Before Monday, an important minority of cabinet were in favour of taking a hard line.
Ms Truss, Dominic Raab, the deputy prime minister, Kwasi Kwarteng, the business secretary, and Suella Braverman, the attorney general, were leading the charge to legislate to end the role of the European Court of Justice in Northern Ireland.
“Initially the PM was quite nervous and not totally convinced that was the way to go because there would be too much fallout and too much pain,” one source said.
“But then there was no domestic political danger so he was prepared to be more circumspect.”
But they added that the position last month “would have left nobody happy”.
The DUP, which is looking for an excuse to go back into power-sharing in Stormont, would have had “nothing to go back with”; the ERG would have said it was “not good enough”.
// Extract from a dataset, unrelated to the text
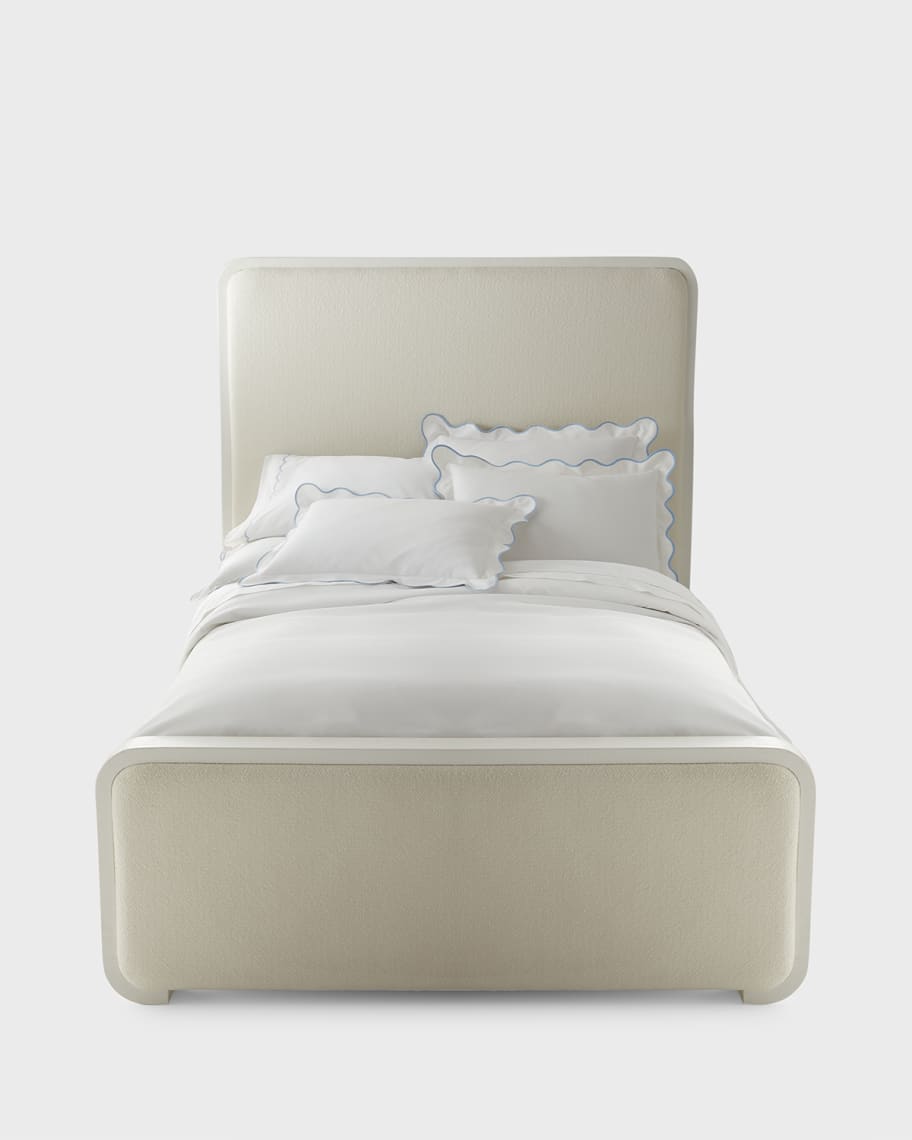 Image 3 of 8: Ashore Queen Upholstered Bed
However, losing the support of four in 10 Tory MPs in Monday’s ballot meant Mr Johnson had to pick sides in this fight rather than continue his preferred approach of unconstructive ambiguity and vague threats.
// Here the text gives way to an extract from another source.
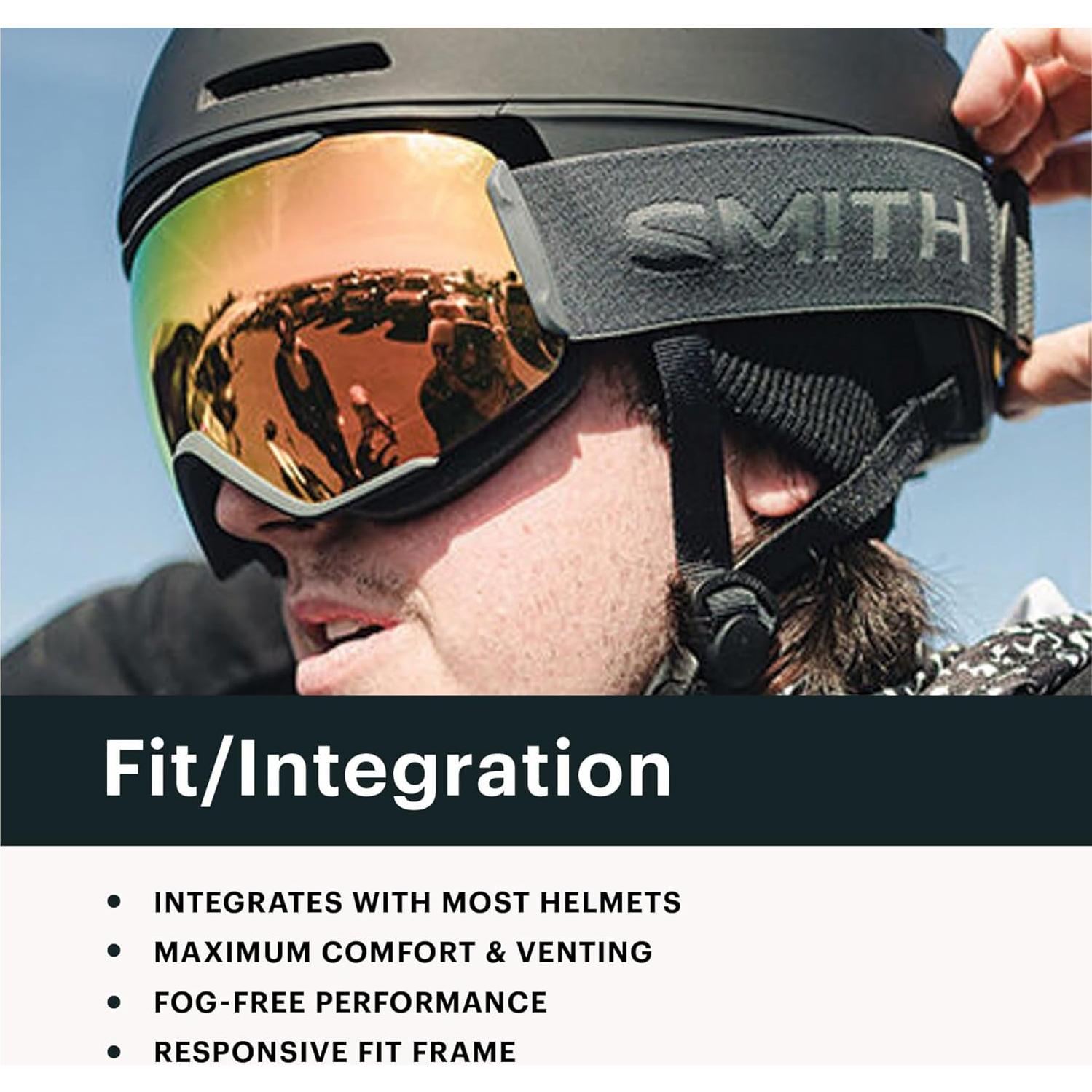 Gafas de Nieve Smith Blazer Lente Carbonic-x Unisex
“The vote swung it quite comfortably so it’s now in an ERG-friendly place.”
The row played out in two meetings of the Global Britain Strategy cabinet subcommittee this week.
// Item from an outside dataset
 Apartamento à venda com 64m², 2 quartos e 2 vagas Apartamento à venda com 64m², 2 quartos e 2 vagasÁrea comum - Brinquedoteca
Levelling Up Secretary Michael Gove raised questions about the legality of the move, while Chancellor Rishi Sunak raised the economic outcome of different scenarios.
The chancellor’s approach in particular did not impress the Brexit caucus, which could be important in a future leadership contest.
The leaking to Sky News of the legal advice by the government’s top lawyer Sir James Eadie helped poison what I’m told was already an uncomfortable discussion yet further.
But in the background the PM’s political advisor David Canzini was not shy in helping Mr Johnson to the conclusion that he could not fudge this issue: he must pick a side and the only reliable partners available – given the stance of so many of the cabinet – was to back a hardline approach.
Having Truss, Raab, Braverman, Kwarteng lining up with the ERG against him at this point was too dangerous.
Thus despite some misgivings, Mr Johnson agreed to a bill now set to satisfy the ERG.
There are huge political dangers.
Some think Mr Johnson does not have the long term strength to withstand international and domestic pressure to get the legislation on the statute book – but know he might not survive as PM if he fails and the ERG withdraw their support.
This bill could take 18 months to get through both Houses of Parliament if the Lords defeat it and the PM must force it through with the Parliament Act.
Meanwhile the likely international backlash – at a time of global price rises and war in Ukraine – will be intense and grow over time as Washington weighs up joining Brussels in its attempt to punish Britain for its stance.
And could 40 or more Tory MPs rebel on this given this week’s rebellion, thus depriving the PM of a majority for the legislation?
“The hubris of English nationalism is being seen plainly in NI and people are making their decisions,” said one Tory MP, indicating that there is a depth of feeling in parts of the party that matches the Brexiteers.
This could all end in flames.
Now that the Fixed Term Parliament Act has been abolished, Mr Johnson can turn votes on the legislation into a confidence vote, triggering a general election if he loses.
The stakes are about to get very high.